Extracted records:
*** Block opens ***

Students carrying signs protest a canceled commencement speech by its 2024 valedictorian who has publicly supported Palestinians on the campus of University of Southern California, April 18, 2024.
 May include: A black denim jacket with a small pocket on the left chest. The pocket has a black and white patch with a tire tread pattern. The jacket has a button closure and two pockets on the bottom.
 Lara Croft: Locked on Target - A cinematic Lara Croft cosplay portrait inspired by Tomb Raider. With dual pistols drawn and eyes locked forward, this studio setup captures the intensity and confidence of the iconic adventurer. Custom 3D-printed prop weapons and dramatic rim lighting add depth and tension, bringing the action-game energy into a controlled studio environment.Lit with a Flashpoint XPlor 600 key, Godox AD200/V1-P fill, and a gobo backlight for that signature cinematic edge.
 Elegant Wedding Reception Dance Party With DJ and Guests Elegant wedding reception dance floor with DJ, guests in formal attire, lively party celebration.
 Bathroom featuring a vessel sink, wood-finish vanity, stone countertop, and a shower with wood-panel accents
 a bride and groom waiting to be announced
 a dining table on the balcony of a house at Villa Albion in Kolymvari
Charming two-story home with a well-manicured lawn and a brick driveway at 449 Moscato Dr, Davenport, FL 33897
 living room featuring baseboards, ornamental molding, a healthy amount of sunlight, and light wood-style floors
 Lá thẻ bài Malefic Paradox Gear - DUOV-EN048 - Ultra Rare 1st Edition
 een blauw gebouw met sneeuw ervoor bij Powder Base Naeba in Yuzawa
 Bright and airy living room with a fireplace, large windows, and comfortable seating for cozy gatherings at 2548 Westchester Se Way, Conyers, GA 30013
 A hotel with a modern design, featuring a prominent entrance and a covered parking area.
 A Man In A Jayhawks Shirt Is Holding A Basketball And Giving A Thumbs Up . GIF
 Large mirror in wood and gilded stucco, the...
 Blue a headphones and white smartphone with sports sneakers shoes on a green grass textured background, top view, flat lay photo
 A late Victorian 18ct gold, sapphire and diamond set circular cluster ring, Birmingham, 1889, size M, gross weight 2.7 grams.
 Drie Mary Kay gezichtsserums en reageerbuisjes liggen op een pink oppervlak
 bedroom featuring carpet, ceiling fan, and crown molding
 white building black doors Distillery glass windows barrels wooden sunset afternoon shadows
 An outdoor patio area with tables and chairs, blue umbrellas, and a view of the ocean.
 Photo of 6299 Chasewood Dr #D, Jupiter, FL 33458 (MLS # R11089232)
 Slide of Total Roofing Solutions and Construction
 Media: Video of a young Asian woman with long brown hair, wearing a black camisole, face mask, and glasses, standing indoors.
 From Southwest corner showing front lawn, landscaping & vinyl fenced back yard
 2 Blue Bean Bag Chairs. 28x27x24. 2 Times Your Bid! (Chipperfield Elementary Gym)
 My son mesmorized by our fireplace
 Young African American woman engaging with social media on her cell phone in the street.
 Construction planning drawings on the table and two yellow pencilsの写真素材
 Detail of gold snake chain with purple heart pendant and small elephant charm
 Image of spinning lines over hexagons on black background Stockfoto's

*** Block closes ***

Exercise objective
From the data above, output exactly the lines between the one containing "bedroom featuring carpet, ceiling" and the one containing "Media: Video of", counting both of them.

Written reply
 bedroom featuring carpet, ceiling fan, and crown molding
 white building black doors Distillery glass windows barrels wooden sunset afternoon shadows
 An outdoor patio area with tables and chairs, blue umbrellas, and a view of the ocean.
 Photo of 6299 Chasewood Dr #D, Jupiter, FL 33458 (MLS # R11089232)
 Slide of Total Roofing Solutions and Construction
 Media: Video of a young Asian woman with long brown hair, wearing a black camisole, face mask, and glasses, standing indoors.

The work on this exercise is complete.